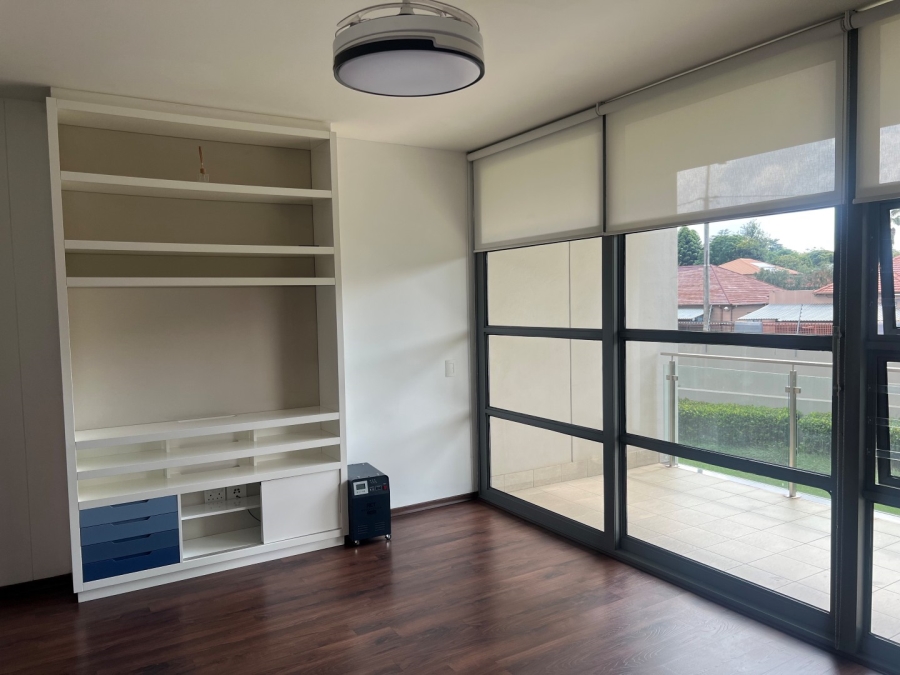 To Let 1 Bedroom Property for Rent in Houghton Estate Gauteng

■ ■ ■ ■

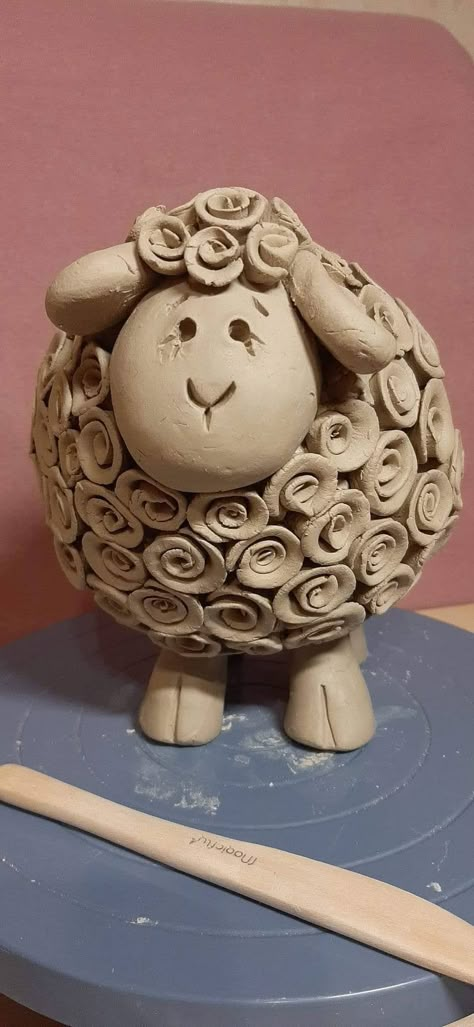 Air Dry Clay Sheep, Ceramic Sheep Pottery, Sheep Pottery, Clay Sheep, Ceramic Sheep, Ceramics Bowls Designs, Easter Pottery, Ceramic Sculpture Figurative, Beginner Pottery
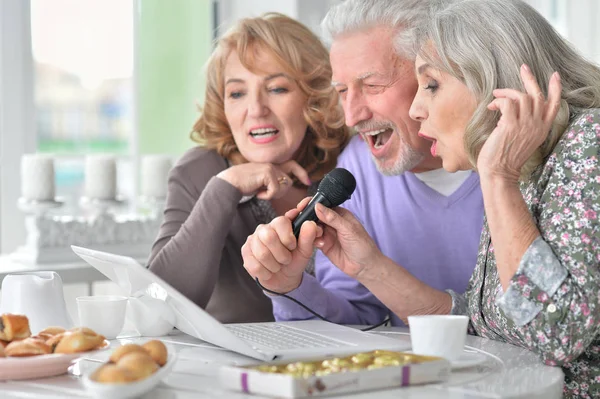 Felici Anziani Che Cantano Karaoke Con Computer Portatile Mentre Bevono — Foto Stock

■ ■ ■ ■

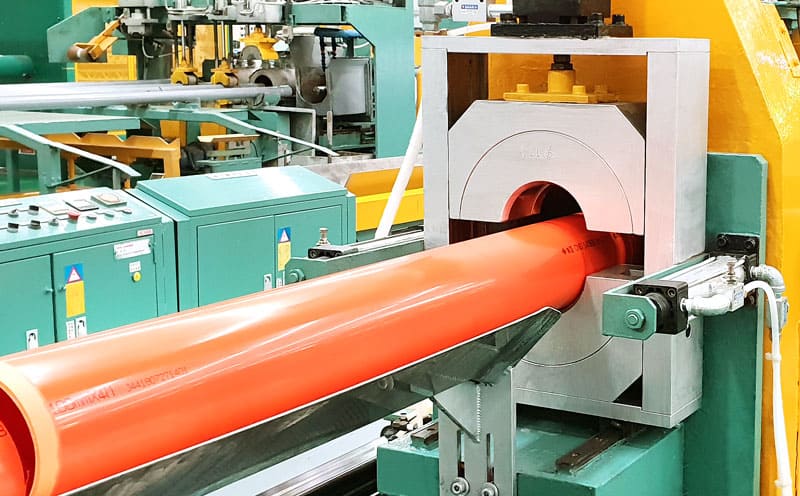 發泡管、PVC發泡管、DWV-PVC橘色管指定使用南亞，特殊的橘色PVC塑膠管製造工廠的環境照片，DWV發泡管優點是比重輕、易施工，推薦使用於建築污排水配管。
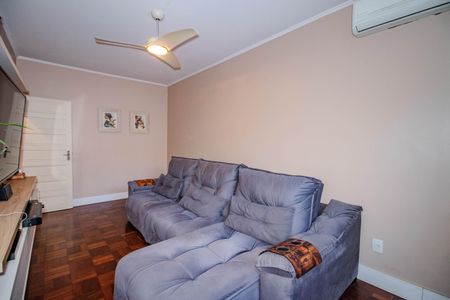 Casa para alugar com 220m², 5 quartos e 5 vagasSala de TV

■ ■ ■ ■

TASK BRIEF
From the material above, output only the span of lines that starts at the one containing "發泡管、PVC發泡管、DWV" and finishes at the one containing "Casa para alugar", word for word and free of pictures.

RESPONSE AREA
 發泡管、PVC發泡管、DWV-PVC橘色管指定使用南亞，特殊的橘色PVC塑膠管製造工廠的環境照片，DWV發泡管優點是比重輕、易施工，推薦使用於建築污排水配管。
 Casa para alugar com 220m², 5 quartos e 5 vagasSala de TV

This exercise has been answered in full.